A control chart is used to measure the statistical control associated with manufacturing processes and thus, plots the lower and upper control limits to measure deviations from the controlled state. Control charts are particularly effective for graphing manufacturing processes since these practices are rarely free from variation and are not usually in a state of statistical control. To be in a state of statistical control means that assignable variation, which results from factors such as poorly trained operators or faulty machines to name a couple, is eliminated (1). In the manufacturing industry, there are always various factors at play and control charts represent a way of detecting factors which cause a severe deviation from statistical control.
A control chart is comprised of a few specific features. For one, it always has a line plotted for the average, which is called the central line. The average being plotted in a control chart is the expected average that the process should be functioning at or the average quality of the process. These charts also always have an upper control limit line and lower control limit line drawn in around the central line and these lines are based both from chance and historical data.

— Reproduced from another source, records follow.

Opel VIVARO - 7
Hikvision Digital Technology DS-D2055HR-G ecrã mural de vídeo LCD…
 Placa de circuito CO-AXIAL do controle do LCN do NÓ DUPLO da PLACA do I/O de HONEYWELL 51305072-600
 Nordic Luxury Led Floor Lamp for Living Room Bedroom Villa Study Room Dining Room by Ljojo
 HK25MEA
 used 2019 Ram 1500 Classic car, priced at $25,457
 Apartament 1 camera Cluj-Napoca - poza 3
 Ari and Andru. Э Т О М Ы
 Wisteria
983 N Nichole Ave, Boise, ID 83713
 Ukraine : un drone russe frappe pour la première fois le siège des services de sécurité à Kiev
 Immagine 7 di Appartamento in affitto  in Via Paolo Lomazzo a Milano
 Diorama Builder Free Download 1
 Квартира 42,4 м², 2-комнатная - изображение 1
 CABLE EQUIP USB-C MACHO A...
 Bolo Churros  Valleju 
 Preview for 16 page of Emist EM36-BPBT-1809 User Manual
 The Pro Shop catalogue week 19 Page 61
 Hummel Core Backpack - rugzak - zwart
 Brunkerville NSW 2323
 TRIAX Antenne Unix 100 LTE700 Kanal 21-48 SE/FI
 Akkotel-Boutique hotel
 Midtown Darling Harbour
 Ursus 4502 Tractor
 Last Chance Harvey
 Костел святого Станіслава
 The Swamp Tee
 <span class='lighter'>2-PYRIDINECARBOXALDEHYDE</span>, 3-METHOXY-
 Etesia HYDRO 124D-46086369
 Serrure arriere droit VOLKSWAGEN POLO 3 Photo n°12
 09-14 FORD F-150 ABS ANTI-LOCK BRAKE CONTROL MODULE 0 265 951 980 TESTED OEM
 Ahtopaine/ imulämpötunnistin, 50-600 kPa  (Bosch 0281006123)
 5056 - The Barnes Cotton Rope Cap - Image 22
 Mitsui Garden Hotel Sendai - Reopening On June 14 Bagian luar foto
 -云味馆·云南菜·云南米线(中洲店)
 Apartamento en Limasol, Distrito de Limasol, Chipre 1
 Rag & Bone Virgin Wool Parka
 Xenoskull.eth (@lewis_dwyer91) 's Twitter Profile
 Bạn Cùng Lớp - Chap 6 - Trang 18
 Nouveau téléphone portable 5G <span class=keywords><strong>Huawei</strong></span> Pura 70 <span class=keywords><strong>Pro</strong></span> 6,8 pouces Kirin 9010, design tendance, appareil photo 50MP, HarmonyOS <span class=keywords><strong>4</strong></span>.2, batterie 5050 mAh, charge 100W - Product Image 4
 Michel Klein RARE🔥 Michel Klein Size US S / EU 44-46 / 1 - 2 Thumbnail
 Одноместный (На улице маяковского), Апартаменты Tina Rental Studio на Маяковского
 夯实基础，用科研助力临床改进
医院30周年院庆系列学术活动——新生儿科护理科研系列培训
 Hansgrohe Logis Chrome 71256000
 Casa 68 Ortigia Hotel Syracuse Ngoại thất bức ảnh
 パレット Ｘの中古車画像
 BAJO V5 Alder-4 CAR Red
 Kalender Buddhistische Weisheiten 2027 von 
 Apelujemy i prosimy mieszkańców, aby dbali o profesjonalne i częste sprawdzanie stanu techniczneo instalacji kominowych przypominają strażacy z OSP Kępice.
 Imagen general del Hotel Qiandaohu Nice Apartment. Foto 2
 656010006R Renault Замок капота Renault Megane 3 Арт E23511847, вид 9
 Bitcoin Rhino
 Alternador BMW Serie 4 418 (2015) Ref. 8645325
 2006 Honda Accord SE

For control charts to be effective, samples should be taken at a certain interval over time and this new data should be frequently plotted. This ensures that the control associated with a manufacturing process can be monitored. Furthermore, it is important to note that there are two types of control charts: control charts for measurements and control charts for attributes (1). The type of chart used depends on whether the data being plotted is counted, such as the number of faulty products in a sample, or measured.
Figure 1. This figure has been taken from: http://www.isixsigma.com/tools-templates/control-charts/a-guide-to-control-charts/. The central line is in light blue. The lower and upper limit lines are represented by the dashed red lines.
The above figure, Figure 1¸ provides an example of a control chart for attributes since the observations being measured are counts. Control charts are very effective charts to use in the manufacturing industry and can assist in trying to maintain statistical control in the manufacturing process.
1. Miller, I and Freund, J. (2011). Probability and Statistics for Engineers – 8th Edition. Pearson Education, Inc.: U.S.A.